Le challenge pericolose in Italia
Il caso più noto, legato alla Blue Whale, vede come protagonista una ragazza 23enne, attualmente sotto processo. il messaggio incriminante mandato da lei che si spacciava come una delle curatrici della Blue Whale Challenge diceva:“Se sei pronta a diventare una balena inciditi ‘yes’ sulla gamba, se non lo sei tagliati molte volte per autopunirti”. La vittima era una giovane di 12 anni, adescata tramite il web. E proprio grazie a quel messaggio è stato possibile incriminare la 23enne con l’accusa di atti persecutori, cioè stalking, e violenza privata, aggravata dal fatto di aver costretto, con un complice che ora ha 16 anni, una alunna di scuola media a infliggersi tagli sul corpo e ad inviarle le foto, come step iniziale delle 50 prove di coraggio.
La situazione attuale
Ad oggi, questo appena citato sembrava essere il primo e unico caso accertato di Blue Whale in Italia. Agli inquirenti toccherà stabilire se la recente scomparsa del ragazzo di 11 anni che, a Napoli, si è lanciato dal decimo piano, possa essere riconducibile a una di queste challenge online, e quindi avviare le indagini per scoprire chi si cela dietro un falso profilo.

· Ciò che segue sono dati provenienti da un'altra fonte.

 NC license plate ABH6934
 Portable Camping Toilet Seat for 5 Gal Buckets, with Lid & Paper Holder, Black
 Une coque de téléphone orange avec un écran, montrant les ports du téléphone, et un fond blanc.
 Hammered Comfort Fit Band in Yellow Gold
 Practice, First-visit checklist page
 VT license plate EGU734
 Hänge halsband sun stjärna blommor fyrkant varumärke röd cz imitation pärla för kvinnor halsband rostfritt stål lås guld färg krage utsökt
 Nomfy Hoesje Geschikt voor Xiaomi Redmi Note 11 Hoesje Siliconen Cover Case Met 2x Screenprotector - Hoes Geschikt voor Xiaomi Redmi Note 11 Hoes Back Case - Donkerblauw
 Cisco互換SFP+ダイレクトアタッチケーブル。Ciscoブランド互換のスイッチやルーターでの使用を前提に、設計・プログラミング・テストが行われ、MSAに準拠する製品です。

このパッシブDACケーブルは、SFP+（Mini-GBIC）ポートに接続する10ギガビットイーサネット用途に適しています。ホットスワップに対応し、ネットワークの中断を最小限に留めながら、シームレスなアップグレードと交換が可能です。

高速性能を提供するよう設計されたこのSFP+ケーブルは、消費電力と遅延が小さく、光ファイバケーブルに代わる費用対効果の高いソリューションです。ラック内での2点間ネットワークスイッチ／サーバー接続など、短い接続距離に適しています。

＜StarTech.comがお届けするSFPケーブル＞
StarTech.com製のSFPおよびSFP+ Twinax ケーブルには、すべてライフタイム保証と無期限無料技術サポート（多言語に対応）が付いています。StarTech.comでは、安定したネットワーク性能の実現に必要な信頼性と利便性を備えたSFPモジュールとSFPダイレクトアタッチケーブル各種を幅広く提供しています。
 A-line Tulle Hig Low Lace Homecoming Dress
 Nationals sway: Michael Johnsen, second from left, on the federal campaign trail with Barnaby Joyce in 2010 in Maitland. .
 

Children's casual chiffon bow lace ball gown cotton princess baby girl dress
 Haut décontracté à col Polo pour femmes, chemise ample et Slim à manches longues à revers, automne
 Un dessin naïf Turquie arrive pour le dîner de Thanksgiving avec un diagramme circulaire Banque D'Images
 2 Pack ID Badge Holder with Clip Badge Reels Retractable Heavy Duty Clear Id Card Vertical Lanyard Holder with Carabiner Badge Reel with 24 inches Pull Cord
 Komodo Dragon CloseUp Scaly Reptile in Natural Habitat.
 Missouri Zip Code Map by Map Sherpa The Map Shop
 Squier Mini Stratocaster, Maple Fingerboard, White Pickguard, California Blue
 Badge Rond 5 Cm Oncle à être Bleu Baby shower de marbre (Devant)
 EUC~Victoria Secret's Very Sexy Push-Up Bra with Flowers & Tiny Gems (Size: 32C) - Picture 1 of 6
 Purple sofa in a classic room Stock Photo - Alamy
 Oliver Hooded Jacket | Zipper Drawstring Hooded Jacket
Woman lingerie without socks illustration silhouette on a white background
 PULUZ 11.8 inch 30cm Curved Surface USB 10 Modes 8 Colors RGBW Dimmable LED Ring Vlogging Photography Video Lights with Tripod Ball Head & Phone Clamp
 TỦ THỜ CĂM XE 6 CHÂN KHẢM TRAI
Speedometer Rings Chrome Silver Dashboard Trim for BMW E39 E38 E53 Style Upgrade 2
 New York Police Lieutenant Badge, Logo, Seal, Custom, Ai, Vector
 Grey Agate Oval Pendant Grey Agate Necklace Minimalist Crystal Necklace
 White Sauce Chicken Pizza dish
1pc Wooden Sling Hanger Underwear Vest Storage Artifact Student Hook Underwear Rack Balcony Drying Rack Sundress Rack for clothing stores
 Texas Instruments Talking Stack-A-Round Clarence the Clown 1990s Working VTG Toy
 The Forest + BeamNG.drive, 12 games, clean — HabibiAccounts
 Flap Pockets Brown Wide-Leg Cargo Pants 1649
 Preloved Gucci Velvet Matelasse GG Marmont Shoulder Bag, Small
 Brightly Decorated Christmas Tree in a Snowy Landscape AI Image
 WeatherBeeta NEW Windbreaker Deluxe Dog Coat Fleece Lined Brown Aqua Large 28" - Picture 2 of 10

Noi ci auguriamo che, a prescindere dal fatto che il suicido del ragazzino napoletano sia riconducibile o meno ad una specifica challenge, gli organi preposti possano attivarsi per scovare i profili fake di questo tipo e perseguire coloro che stanno dietro a queste logiche perverse. E’ necessario un intervento tempestivo anche per evitare il frequente effetto imitativo che producono le cattive azioni. E il web purtroppo da terreno fertile a tutti gli psicopatici malintenzionati.
Quindi stiamo allerta ragazzi, e vigiliamo sull’utilizzo che fanno del web soprattutto ragazzini e adolescenti, le vittime preferite di questi squilibrati.